— EXERCISE PROMPT —
Only one stretch of the data below should be repeated: the lines from the line containing "Xăng E5 và xăng" through the line containing "Skoda Karoq 2.0", inclusive, exactly as they are.

— RECORD EXTRACTS —
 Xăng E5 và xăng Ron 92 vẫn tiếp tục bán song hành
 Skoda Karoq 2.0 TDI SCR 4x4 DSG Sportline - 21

* * *

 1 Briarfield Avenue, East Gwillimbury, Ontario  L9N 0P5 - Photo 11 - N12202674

— SOLUTION FOR THIS EXERCISE —
 Xăng E5 và xăng Ron 92 vẫn tiếp tục bán song hành
 Skoda Karoq 2.0 TDI SCR 4x4 DSG Sportline - 21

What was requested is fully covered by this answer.